Reliance Infocomm Ltd is through with the test runs that were on since late last year, for rolling out its broadband-based TV hook-up with domestic households. That is, provided the last mile linkage can get going, which arguably is being held back on account of certain `external factors' that have nothing to do with the company's readiness, including a stable regulatory framework.
Talking to Business Line, Mr Amit Khanna, Chairman, Reliance Entertainment Pvt Ltd and spokesperson for Reliance Infocomm, said the company is ready for a select city-national launch , though it is too early to put a specific date to the broadband TV initiative. The roll-out could be some time next year, he said. Meanwhile, there isstill nothing firmed up with Microsoft on using the Internet protocol TV (IPTV) solution that the latter is developing.

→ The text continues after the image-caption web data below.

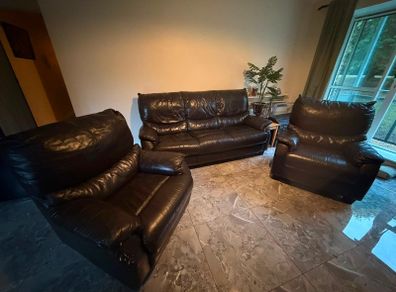 black leather sofa and arm chairs
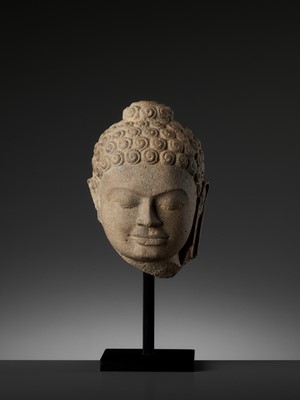 Lot 718 - A SANDSTONE HEAD OF BUDDHA, MON-DVARAVATI PERIOD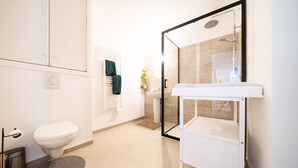 Moderni kylpyhuone, jossa on wc, pesuallas, suihku ja lasiseinällä erotettu suihkutila.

Some of the global majors that have entered into an arrangement to try out the Microsoft's IPTV solution include Bell (Canada), Swiss Telecom, SBC (US) and Reliance Infocomm. It was in October last that Microsoft Corp and Reliance Infocomm had announced in Redmond (US) that they would work together to jointly create, test and deliver Internet protocol (IP)-based television services using a solution that was being developed by the software giant.
"The test runs on broadband TV for households that we have had in Jamnagar for over six months and in certain parts of Mumbai are over and we are pretty sure of our technology. On the issue of last mile connectivity, affordability would be the key. Just as it would be in the case of the `Choispad' set top boxes. Talks are on with various vendors for manufacturing the set top boxes, based on our designs," Mr Khanna said.
Unlike in some of the developed countries, where the leading telecom service providers are looking at a lateral entry into media services to offset declining revenues from voice calls, Reliance Infocomm is facing no such crisis, he said. The advantage is that the company has no legacy of obsolete technology in the voice segment and it isin a position to converge voice, video and data as per its choice.
"Unlike in the US where the broadband revolution is PC-led, it is going to be TV-led in the rest of the world. This is especially true in the case of Asia where Korea has a head start with its gaming programmes. While one is not sure how it will unfold in China, the only way that India will accept it will be as an entertainment-led product. And there is no way that voice revenues will take a beating in India in the near future — a phenomenon that has been whittling down the revenues of Western telecom companies," Mr Khanna said.